(EXERCISE DATA Opens)
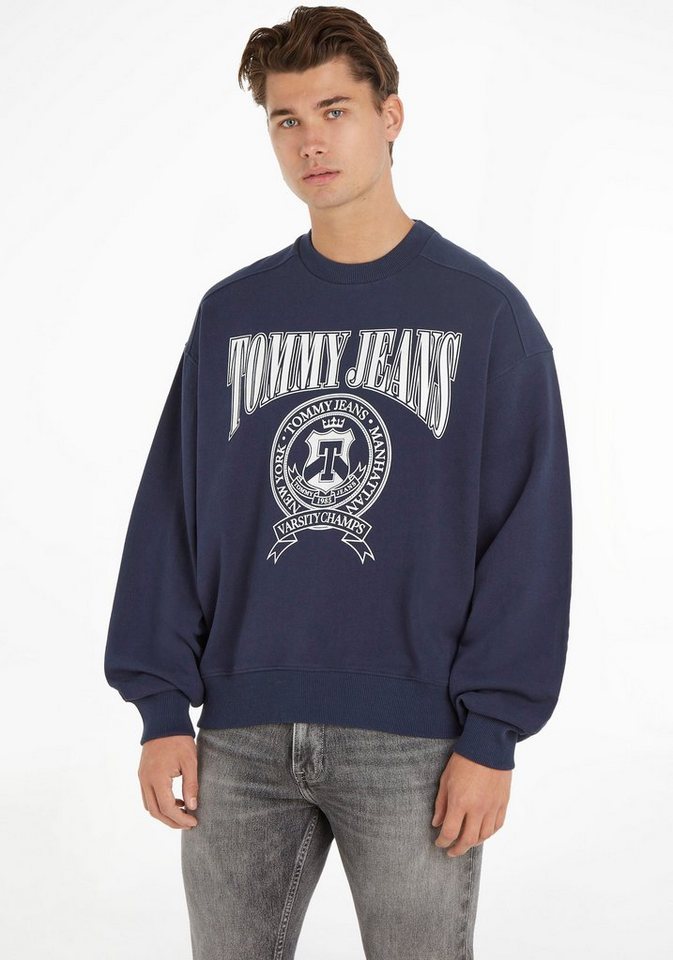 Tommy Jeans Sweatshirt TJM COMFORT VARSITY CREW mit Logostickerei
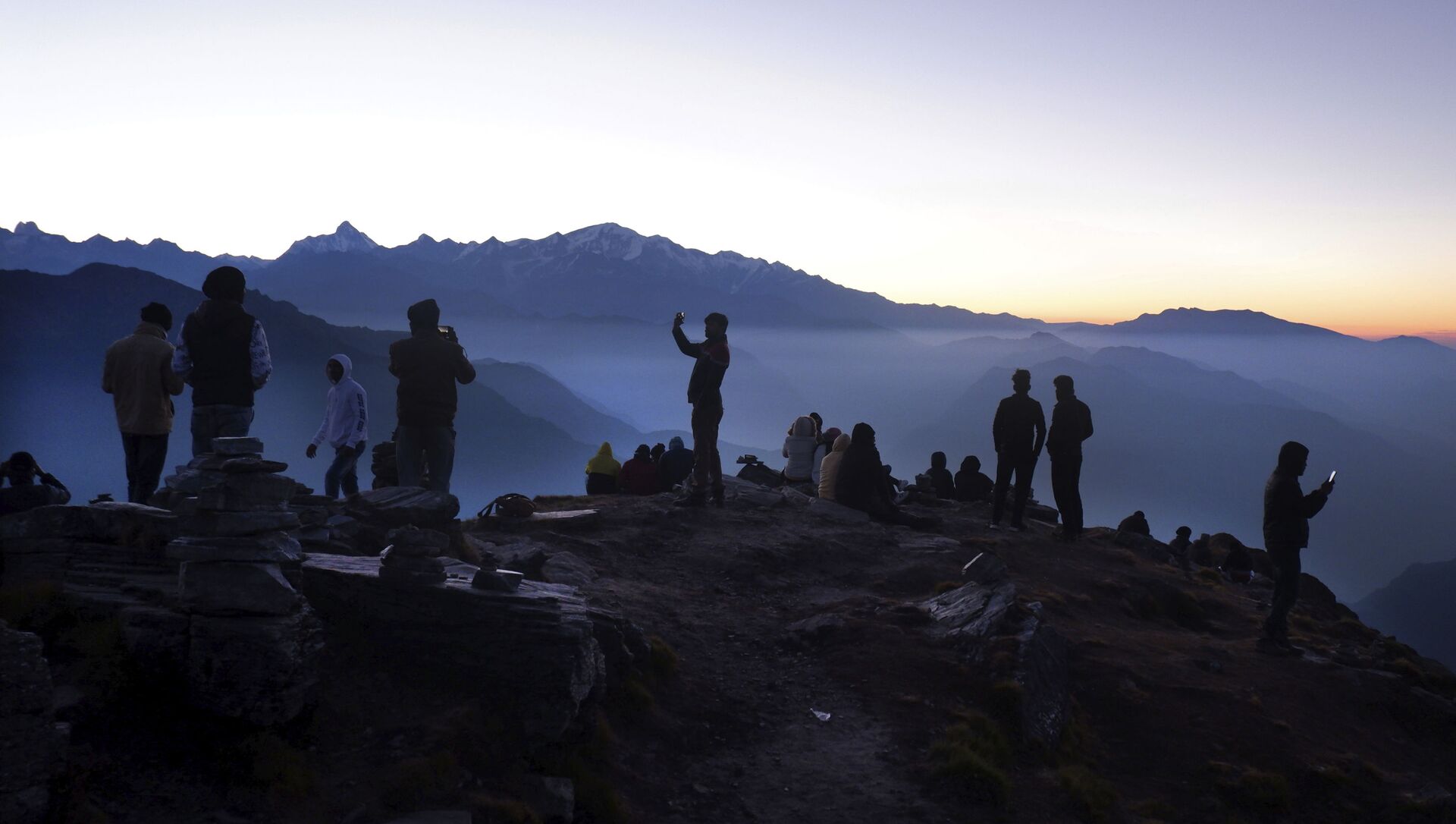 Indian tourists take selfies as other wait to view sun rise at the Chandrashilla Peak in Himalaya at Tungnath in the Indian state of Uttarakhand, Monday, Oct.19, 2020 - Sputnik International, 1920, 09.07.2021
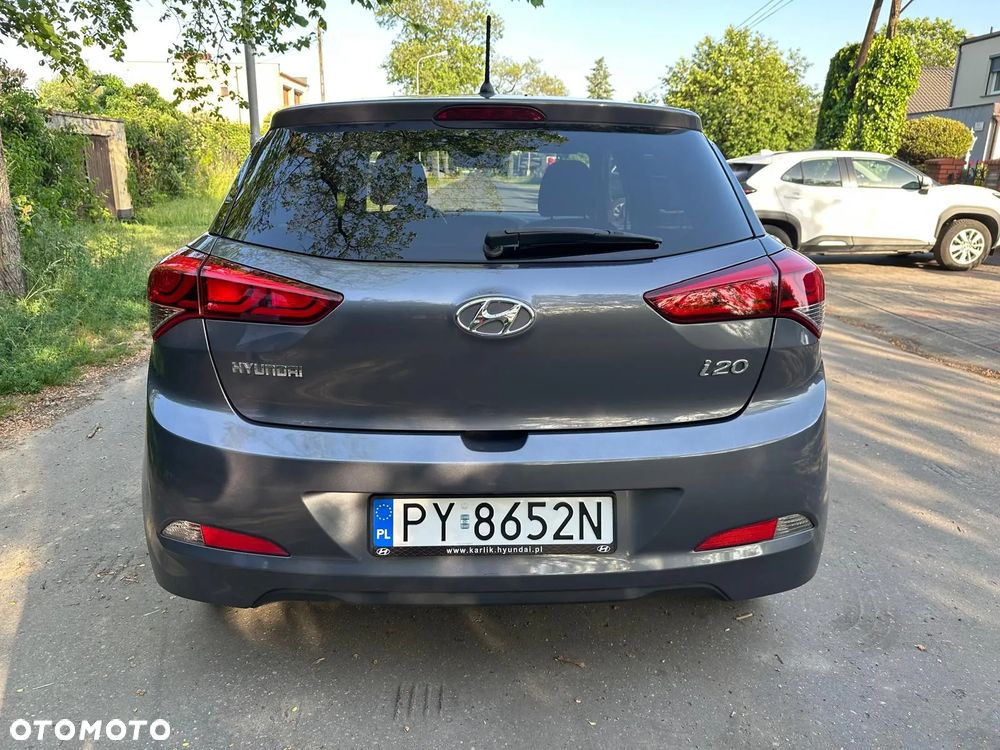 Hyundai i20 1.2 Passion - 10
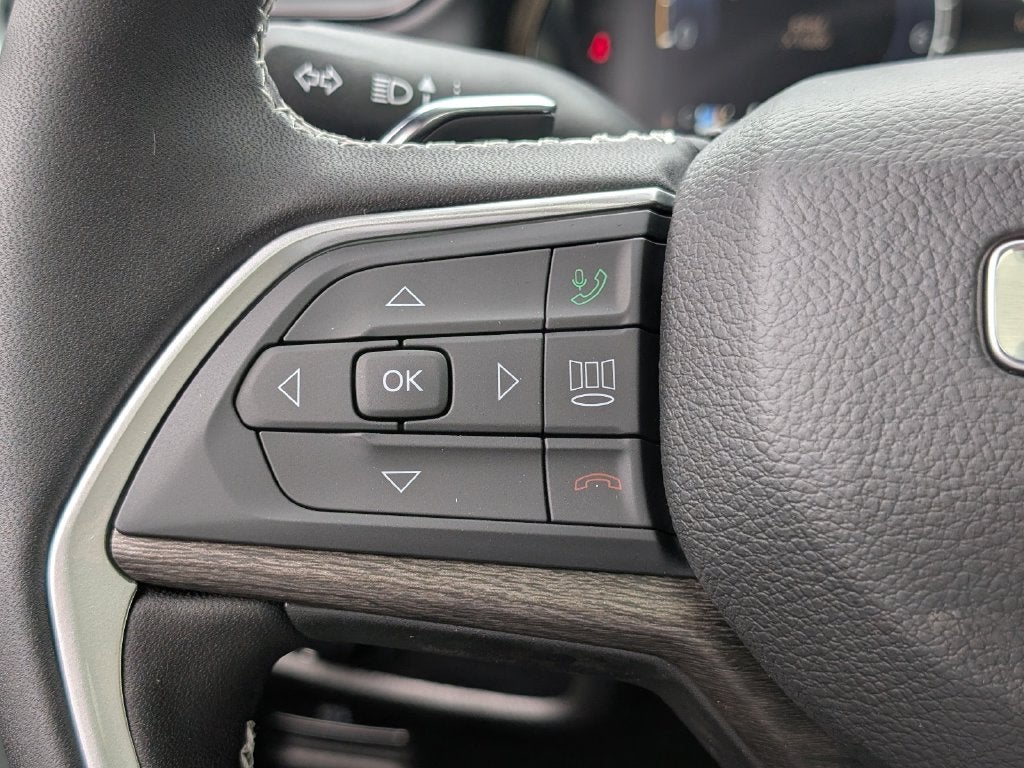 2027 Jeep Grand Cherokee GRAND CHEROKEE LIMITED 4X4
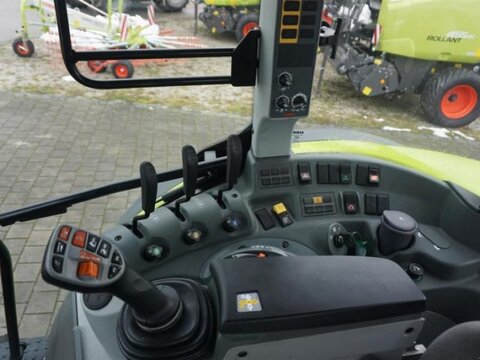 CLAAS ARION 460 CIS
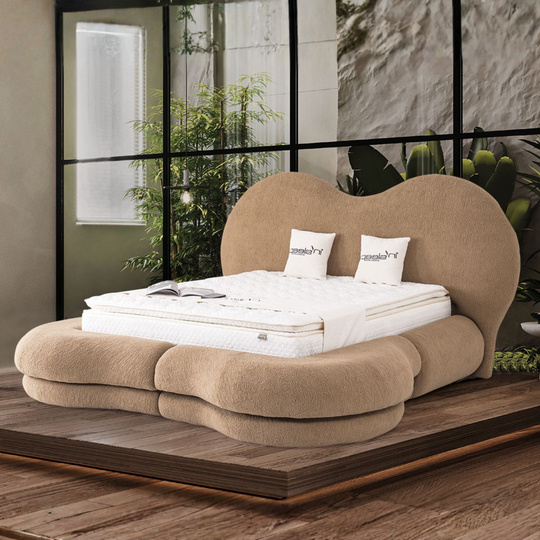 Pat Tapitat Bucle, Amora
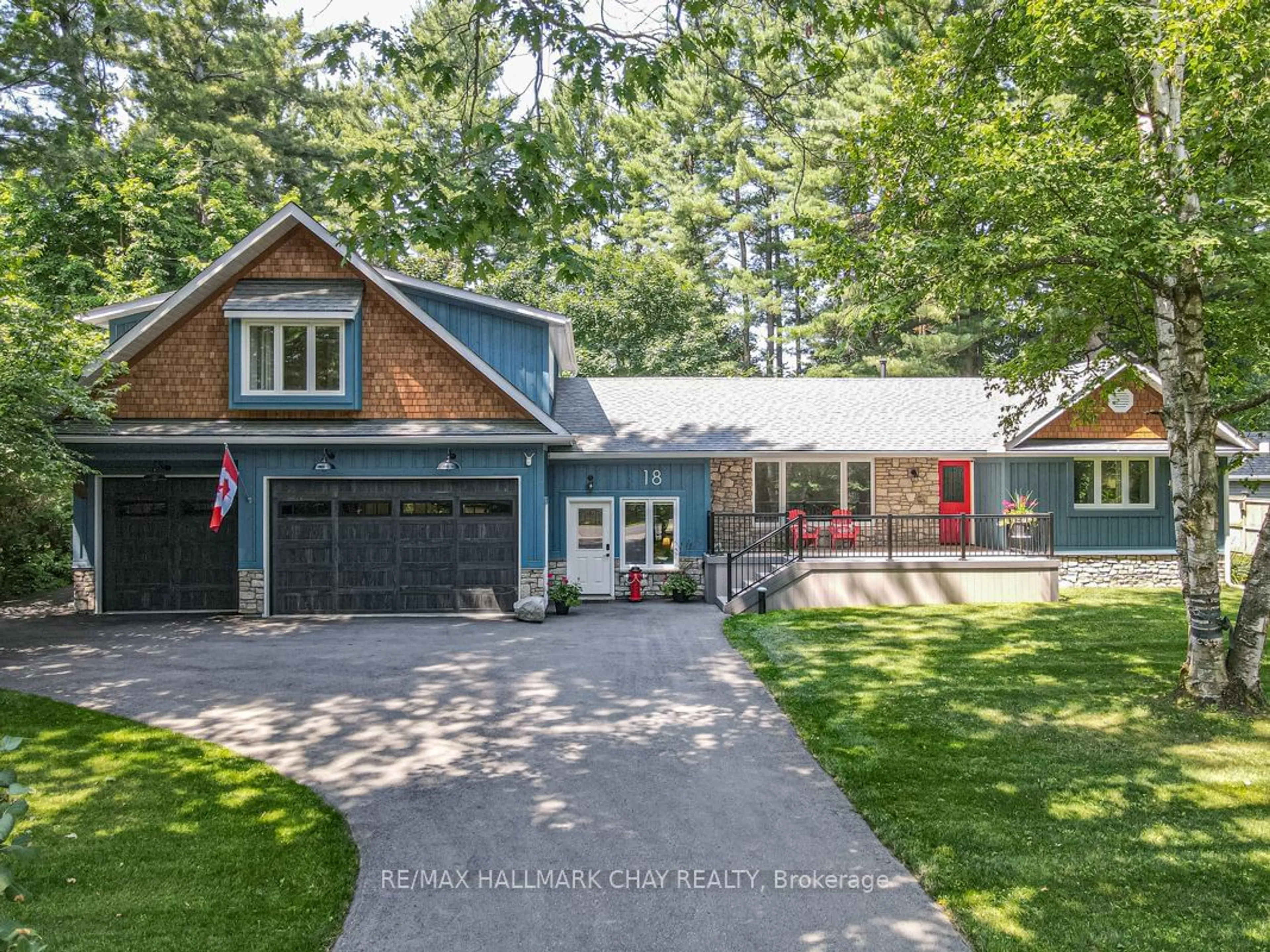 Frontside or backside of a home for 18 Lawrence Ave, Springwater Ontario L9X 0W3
(EXERCISE DATA Closes)
• WORK INSTRUCTIONS: Output the material above word for word. Leave out its images.

• SOLUTION TO THIS PROBLEM:
 Tommy Jeans Sweatshirt TJM COMFORT VARSITY CREW mit Logostickerei
 Indian tourists take selfies as other wait to view sun rise at the Chandrashilla Peak in Himalaya at Tungnath in the Indian state of Uttarakhand, Monday, Oct.19, 2020 - Sputnik International, 1920, 09.07.2021
 Hyundai i20 1.2 Passion - 10
 2027 Jeep Grand Cherokee GRAND CHEROKEE LIMITED 4X4
 CLAAS ARION 460 CIS
 Pat Tapitat Bucle, Amora
 Frontside or backside of a home for 18 Lawrence Ave, Springwater Ontario L9X 0W3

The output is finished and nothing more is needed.